There were many ways to die on the inner German border. Numerous escapees were shot by the border guards, while others were killed by mines and booby-traps. A substantial number drowned while trying to cross the Baltic and the Elbe river. Not all of those killed on the border were attempting to escape. On 13 October 1961, Westfälische Rundschau journalist Kurt Lichtenstein was shot on the border near the village of Zicherie after he attempted to speak with East German farm workers. His death aroused condemnation across the political spectrum in West Germany. The incident prompted students from Braunschweig to erect a sign on the border protesting the killing. Benito Corghi, an Italian truck driver and member of the Italian Communist Party, was shot and killed at a crossing point in August 1976; the GDR government was severely embarrassed and, unusually, offered an apology. In one notorious shooting on 1 May 1976, a former East German political prisoner, Michael Gartenschläger, who had fled to the West some years before, was ambushed and killed by a Stasi commando squad on the border near Büchen. The Stasi reported that he had been "liquidated by security forces of the GDR".
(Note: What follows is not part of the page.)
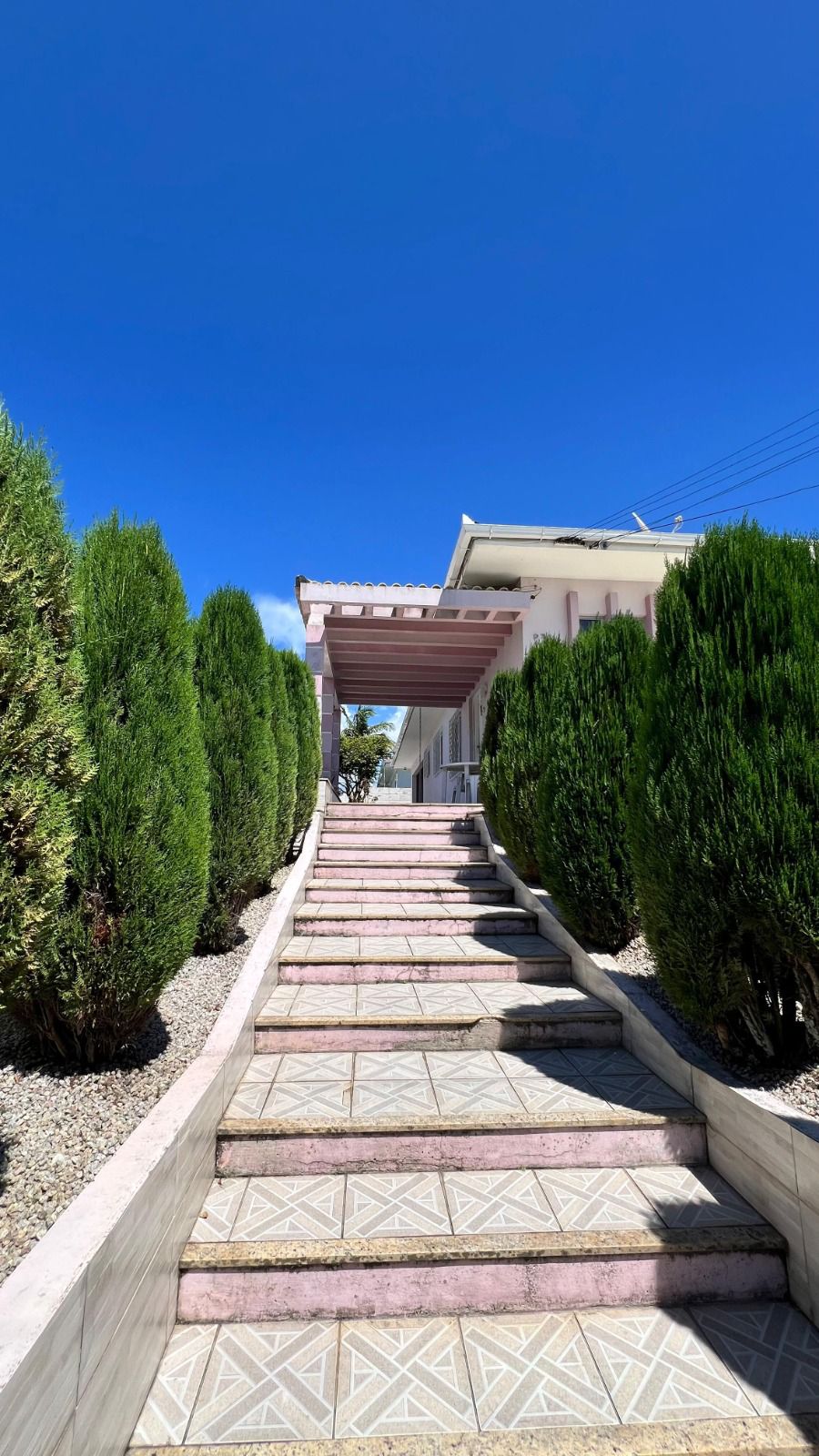 CASA COM 3 QUARTOS SENDO 1 SUíTE - FLOR DE NÁPOLIS - SÃO JOSÉ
Twenty-five East German border guards died after being shot from the Western side of the border or were killed by resisting escapees or (often accidentally) by their own colleagues. The East German government described them as "victims of armed assaults and imperialist provocations against the state border of the GDR" and alleged that "bandits" in the West took potshots at guards doing their duty – a version of events that was uncorroborated by Western accounts of border incidents.

The two sides commemorated their dead in very different ways. Various mostly unofficial memorials were set up on the western side by people seeking to commemorate victims of the border. West Germans such as Michael Gartenschläger and Kurt Lichtenstein were commemorated with signs and memorials, some of which were supported by the government. The death of East German Heinz-Josef Große in 1982 was commemorated annually by demonstrations on the Western side of the border. After the policy of détente was initiated in the 1970s this became politically inconvenient and state support for border memorials largely ceased.

The taboo in East Germany surrounding escapees meant that the great majority of deaths went unpublicised and uncommemorated. However, the deaths of border guards were used for GDR propaganda, which portrayed them as "martyrs". Four stone memorials were erected in East Berlin to mark their deaths. The regime named schools, barracks and other public facilities after the dead guards and used their memorials as places of pilgrimage to signify that (as a slogan put it) "their deaths are our commitment" to maintaining the border. After 1989 the memorials were vandalised, neglected and ultimately removed.

==Fall of the inner German border==

A demonstration in Plauen on 30 October 1989 calling for democracy, freedom of the press and freedom to travel

The fall of the inner German border came rapidly and unexpectedly in November 1989, along with the fall of the Berlin Wall. Its integrity had been fatally compromised in May 1989 when a reformist Communist government in Hungary, supported by the Soviet leader Mikhail Gorbachev, began to dismantle its border fortifications. Hungary was already a popular tourist destination for East Germans. Its government was still notionally Communist but planned free elections and economic reform as part of a strategy of "rejoining Europe" and reforming its struggling economy. Opening the Hungarian border with Austria was essential to this effort; West Germany had secretly offered a much-needed hard currency loan of DM 500 million ($250 million) in return for allowing citizens of the GDR to freely emigrate. Pictures of the barbed-wire fences being taken down were transmitted into East Germany by West German television stations. They prompted a mass exodus by hundreds of thousands of East Germans which began in earnest in September 1989. In addition to those crossing the Hungarian border, tens of thousands of East Germans scaled the walls of the West German embassies in Prague, Warsaw and Budapest, where they were regarded as "German citizens" by the federal government, claiming "asylum".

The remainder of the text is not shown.